Un timore espresso dal primo cittadino milanese e dal governatore veneto che vivono sul territorio e sanno come questo sia pervaso dalle mafie. L’ultima inchiesta in Emilia coinvolge anche il presidente del Consiglio comunale di Piacenza, a conferma di quanto sia ramificata anche al Nord la malavita organizzata. E non si può dire che il Paese non senta il problema. Le ultime elezioni hanno premiato i 5 Stelle come primo partito in nome della lotta alla corruzione. I risultati delle loro amministrazioni sono però deludenti. L’etica pubblica è il segno connotativo della tradizione occidentale. Ha segnato lo sviluppo di quei Paesi che hanno fatto negli ultimi secoli la storia d’Europa e l’hanno esportata nel mondo.

Grandi nazioni come la Cina sanno di poter competere con l’Occidente solo se riescono a contenere il tasso di corruzione e di malaffare ancora diffuso nella società. Il successo industriale è segnato dalle buone pratiche nella vita pubblica. Le aziende lo sanno: senza una buona ed efficiente amministrazione il sistema Paese non funziona. Se per una sentenza definitiva si deve attendere dieci anni è evidente che non vi è certezza giuridica.
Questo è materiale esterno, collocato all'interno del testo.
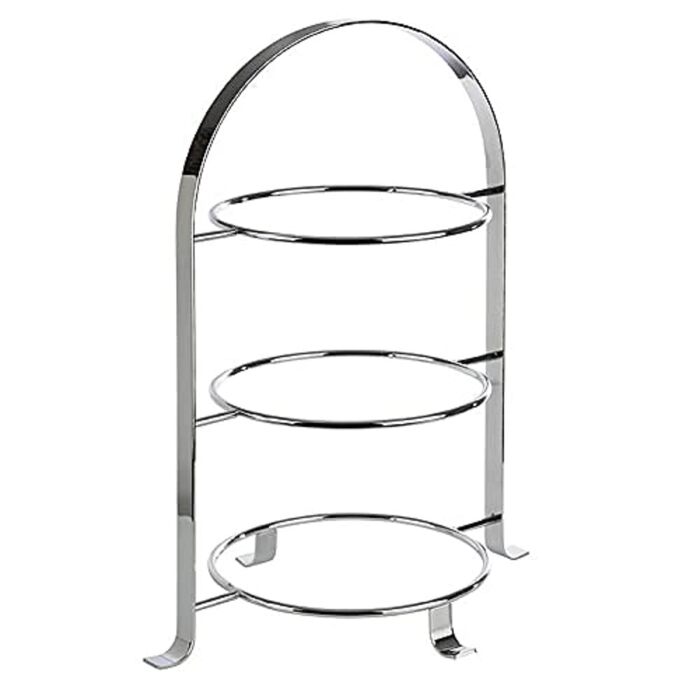 APS Serving Stand - high-quality tiered stand made of chrome-plated metal for 3 plates with a diameter of max. 27 cm - total height 43 cm (plates not included)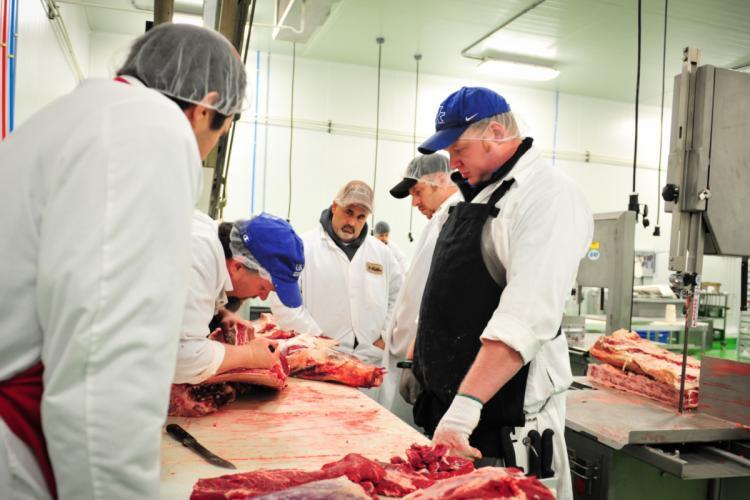 Gregg Rentfrow teaches meat cutting class. 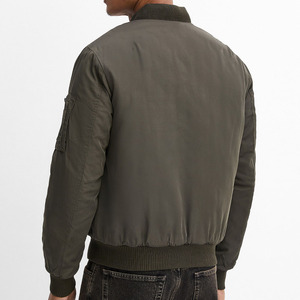 Blouson bomber vert olive pour homme, couleur unie, col rabattu, fermeture éclair, vêtement décontracté pour l'automne, coupe-vent, rembourrage en polyester - Product Image 3
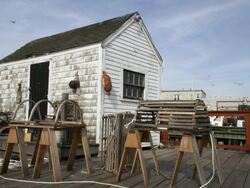 Dock House on Pier Stock Footage
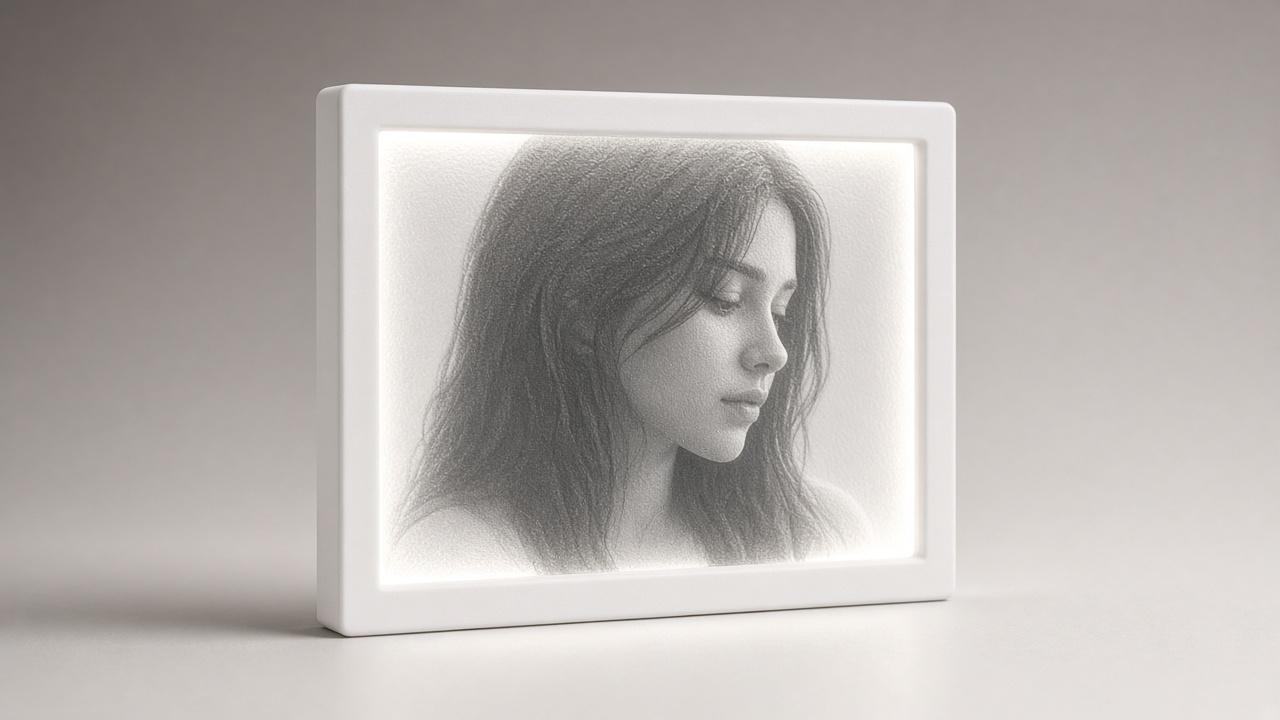 Custom Photo Lithophane with LED Frame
Il Paese arranca e non si può dire che la colpa è degli altri. Se l’Italia è il pressappoco dell’Occidente è perché la sua conformazione la rende duale: da una parte una vocazione produttiva dall’altra una assistenziale e votata alla rendita. E negli ultimi anni è quest’ultima che sta prendendo il sopravvento a fronte di un calo della produttività di sistema.

Il bollettino statistico del Centro studi di Fondazione Ergo evidenzia che nel periodo 1995-2016 la produttività italiana è cresciuta dello 0,3%. Quindi il fenomeno è in atto ben prima dell’arrivo della moneta unica. La malavita organizzata è il sintomo di questa decadenza perché la mancata competitività espone le aziende e gli operatori economici a chi i capitali li ha, illegali ma li ha.

E la tentazione alla scorciatoia a volte è irresistibile. Se rimproveriamo l’Europa perché matrigna offriamo a chi ritarda lo sviluppo il pretesto per dire che le responsabilità sono al di là delle Alpi. Anche se i dati di Confindustria confermano il contrario: 30 miliardi in tre anni. La flessibilità di Bruxelles c’è. A Roma è cambiato solo lo spartito: prima si piangevano addosso, adesso la colpa è degli altri. Quando faremo i conti con noi stessi?